So, yes the Earth is definitely getting warmer, but how fast this is happening and whether pollution is speeding it up are scientifically undemonstrable. The bottom line on the pollutants, however, is why would anyone want to argue that they're not a problem? Well, that's pretty clear, isn't it? Just follow the money.

1 Comments:

Anonymous Anonymous said...

Jo and I were riding home on our bikes around midnight last night. The air on this little barrier island, or rather the air in this particular part of the world, was a bit agitated and moist. That coupled with the temperature in the subtropics made the atmosphere very kinetic. It has a definite feel that anyone who's lived through a hurricane down here can identify with. Now, we just had Alberto do is little piddle. No big deal down here.
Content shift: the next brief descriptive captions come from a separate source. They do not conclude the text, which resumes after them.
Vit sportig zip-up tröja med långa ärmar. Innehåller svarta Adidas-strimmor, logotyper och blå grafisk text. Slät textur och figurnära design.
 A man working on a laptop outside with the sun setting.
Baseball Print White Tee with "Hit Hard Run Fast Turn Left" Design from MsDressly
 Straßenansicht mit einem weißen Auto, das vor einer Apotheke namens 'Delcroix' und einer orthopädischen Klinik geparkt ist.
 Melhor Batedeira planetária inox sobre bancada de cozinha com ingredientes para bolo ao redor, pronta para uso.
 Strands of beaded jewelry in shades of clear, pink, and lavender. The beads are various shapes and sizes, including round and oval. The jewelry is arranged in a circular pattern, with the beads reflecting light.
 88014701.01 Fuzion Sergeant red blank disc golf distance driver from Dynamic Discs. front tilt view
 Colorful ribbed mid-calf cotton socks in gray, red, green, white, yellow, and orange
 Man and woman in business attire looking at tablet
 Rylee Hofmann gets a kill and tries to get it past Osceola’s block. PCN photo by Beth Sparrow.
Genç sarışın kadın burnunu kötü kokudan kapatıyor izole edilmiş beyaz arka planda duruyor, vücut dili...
I got to thinking, "What if we didn't get hit with any hurricanes this year?" I thought about that for a moment, and then realized that might not be good at all. Let's not get in the way of Mother Gaiea! She's cleaning house. Made me realize that in my worries about Global Warming or Climate Change or whatever, that the best thing I could do would be to stay in the present time, realize there's bound to be some severe reality adjustments on the climate that I'll have to deal with, and that my actions need to be guided by figuring out what's best to aid the survival of the planet, in all it's various dynamics. Nothing new or insightful here - the one thing I hadn't fully noticed before was the need to stay ahead of present time, and not allow my actions to be reactions.
But really, I just wanted to say hello. You'll have my wife (your sister, in case you don't know) in a coupla days. Send her back happy.